Miriam Leslie: Belle of the Boardroom

"First and always she was a great beauty, the 'belle of the ball' at Abraham Lincoln's first inaugural and a diamond-bedecked dazzler well into her 60s. But Miriam Leslie was much more than a pretty face amid swirling copper-colored hair," as Don Jackson's profile of the writer, femme fatale and legendary CEO makes clear.

At 21, Miriam Florence Follin (her given name) had already been through a brief marriage before touring the country with renowned actress Lola Montez. Still in her early 20s, having retired from the stage, she met and married the eminent diplomat and anthropologist, E. G. Squier, who emerged heartbroken (and insane) a few years later when his young wife left him for their employer and tenant, Frank Leslie, the reigning king of illustrated journalism. Already the editor of Frank Leslie's Lady's Magazine, Miriam soon became Leslie's wife, and together they lived an extravagant life, riddled with adventure and, eventually, scandal. After Frank's death, Miriam saved the Leslie publishing empire from ruin — not once but twice; traveled the world; and wrote books and countless essays on life and love. She was courted by princes and counts well into her 60s and 70s, and held court herself over a weekly salon in her gracious Manhattan home.
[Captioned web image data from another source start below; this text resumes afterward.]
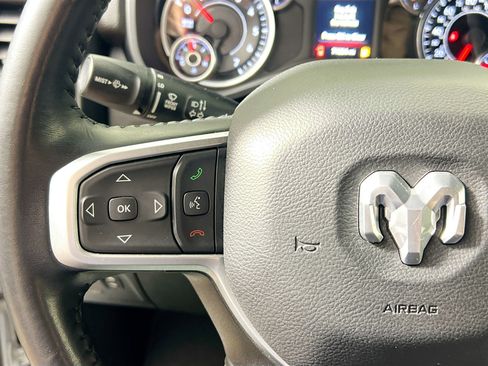 Used 2022 RAM 1500 Big Horn w/ Trailer Tow Group AWD/4WD image 18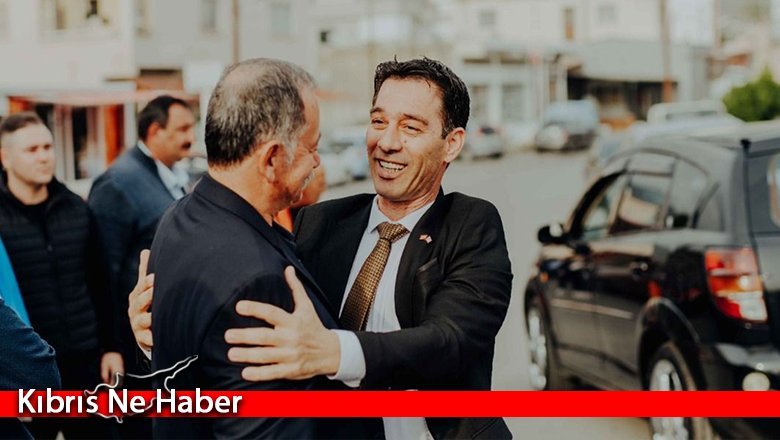 Öztürk: Dikmen'de yeni bir dönem başlatacağız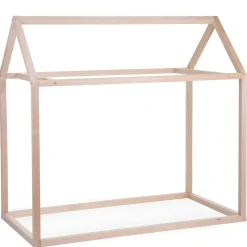 BÉABA Lits Tipi Et Cabanes*Cadre de lit 70x140cm Maison naturelle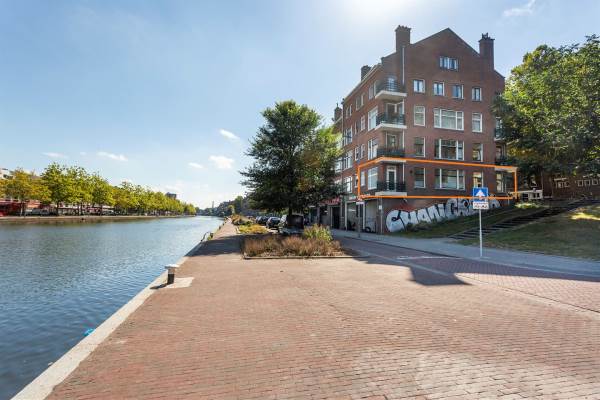 Woning Mathenesserdijk 220A Rotterdam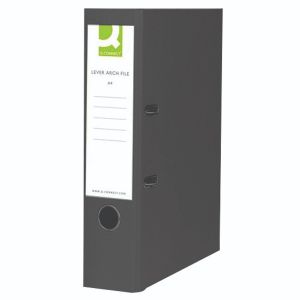 Q-Connect Arch File Foolscap Pk10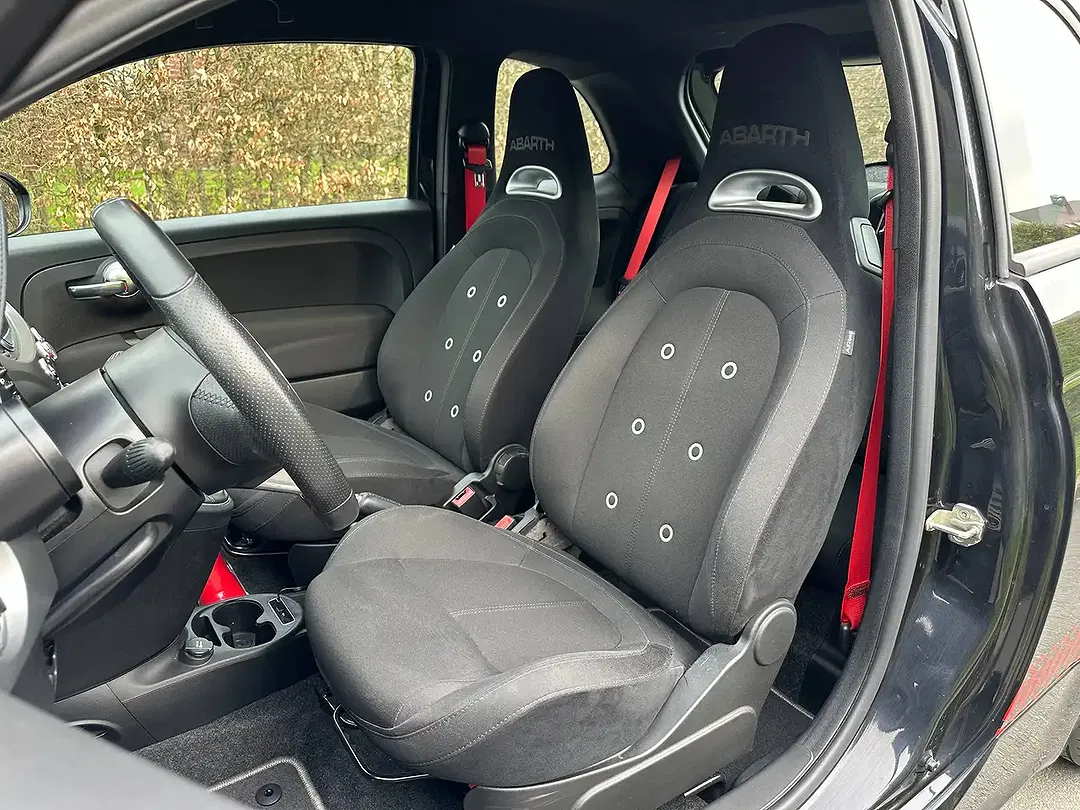 Abarth 595 Pista - Thumbnail 9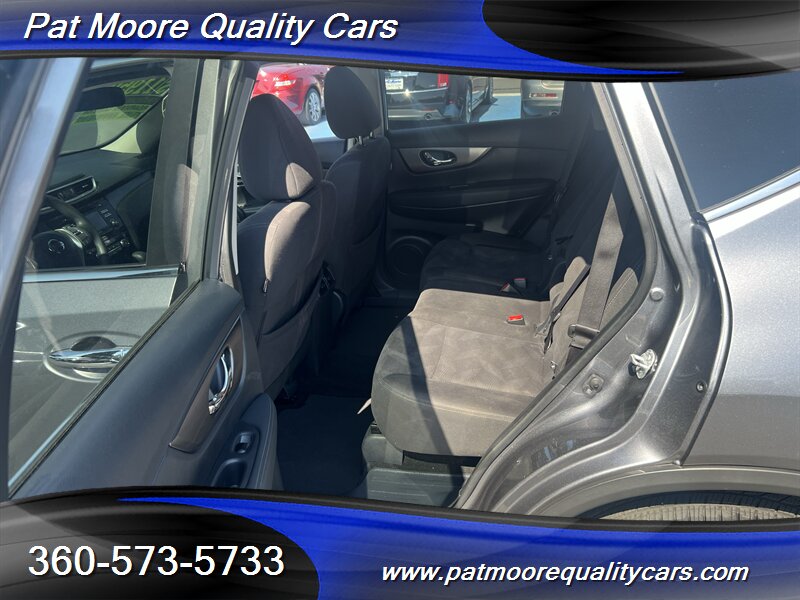 2016 Nissan Rogue S AWD Immaculate - Photo 10 - Vancouver, WA 98686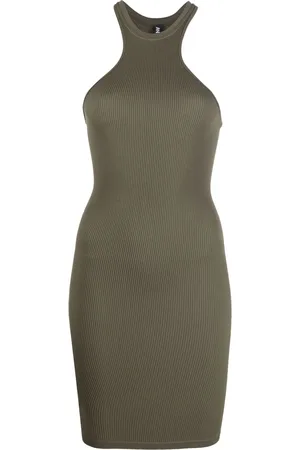 ANDREADAMO Cut-out bodycon dress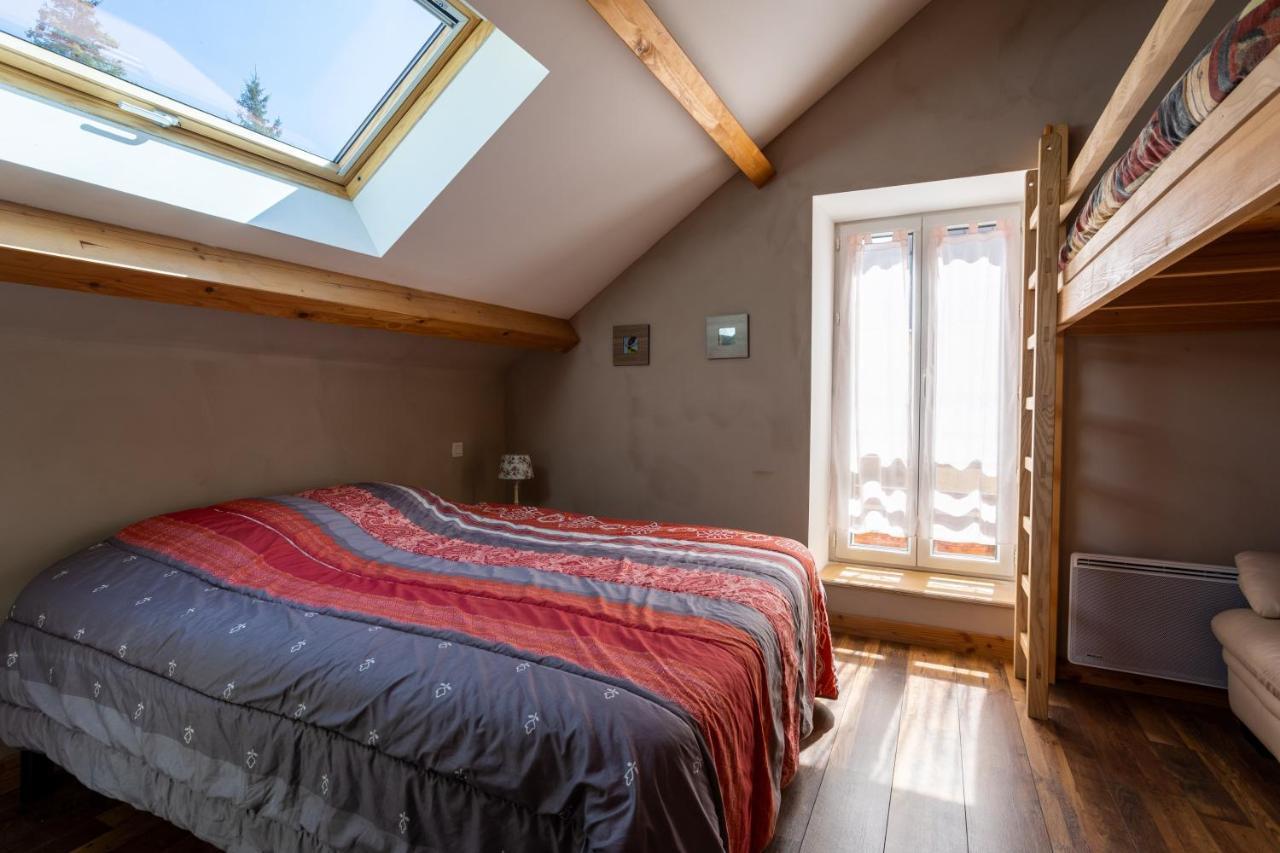 Apartament Linessa Embrun Zewnętrze zdjęcie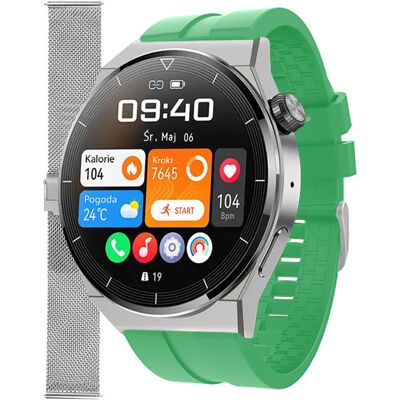 OEM Dziecięcy smartwatch - Lokalizacja LBS - Niebieski - Zegarek OEM Dziecięcy smartwatch - Lokalizacja LBS - Niebieski - Zegarek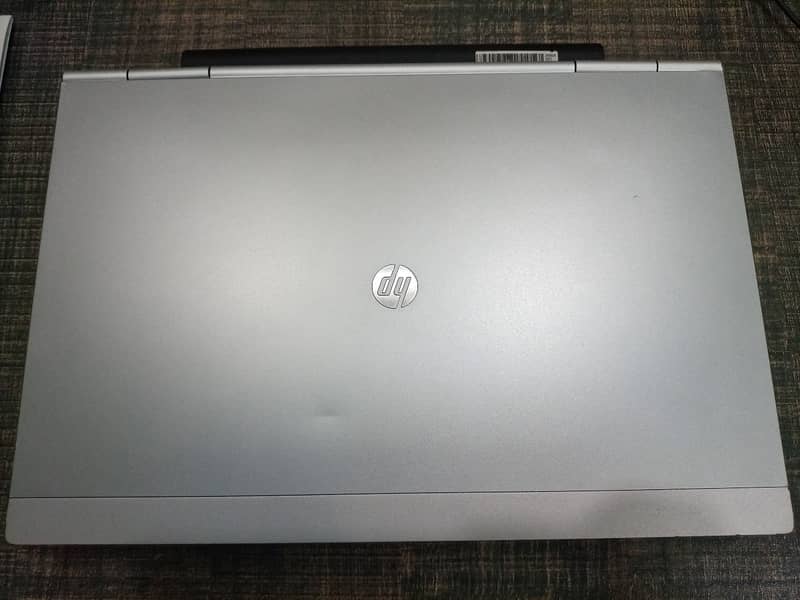 Hp elitebook laptop  2560p  4gb 250gb 5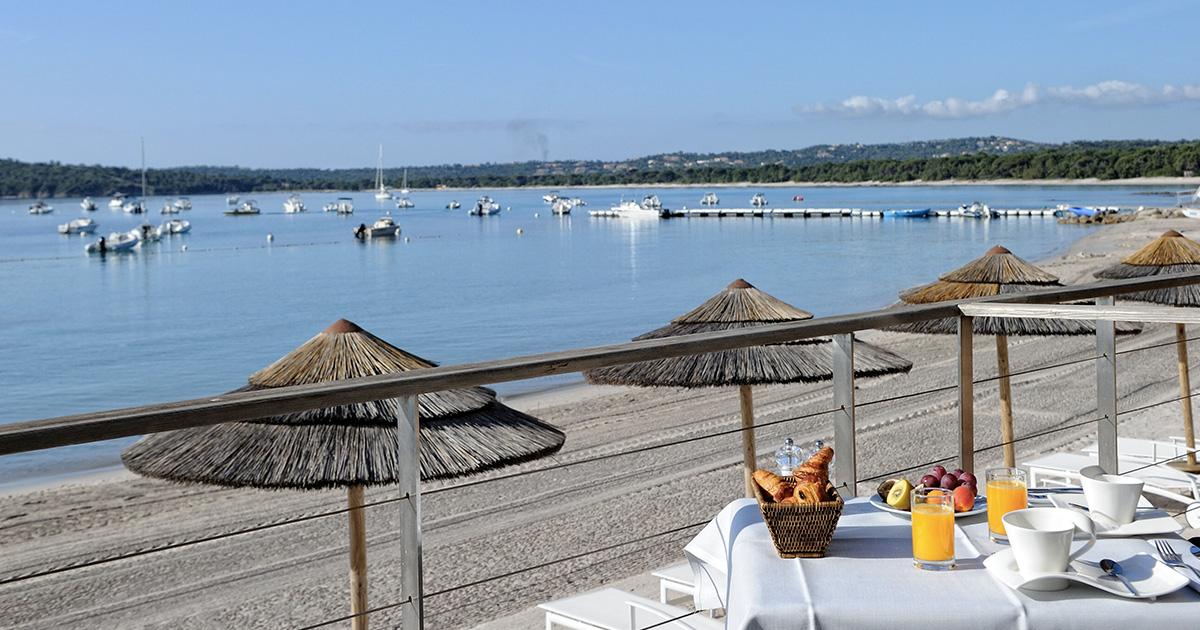 restaurant table de pinarello corse du sud porto-vecchio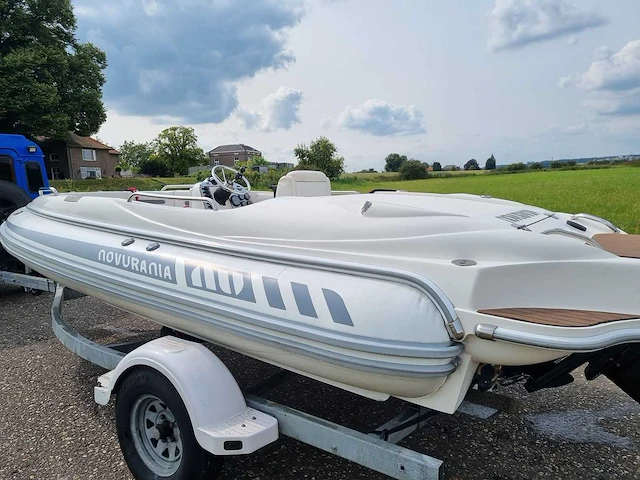 Novurania - rib equator - rib boot - afbeelding 11 van  16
A reporter with the moxie to debate polygamy with Brigham Young on his home turf, an accomplished linguist and translator, Miriam was also an early feminist who bequeathed the bulk of her $2 million estate to the cause. For a late 20th-century parallel to this phenomenon of the late 19th, Jackson suggests: "Think of a combination of Ann Landers, Gloria Steinem, Katharine Graham and Elizabeth Taylor, with Clare Boothe Luce and Pamela Harriman thrown in for good measure."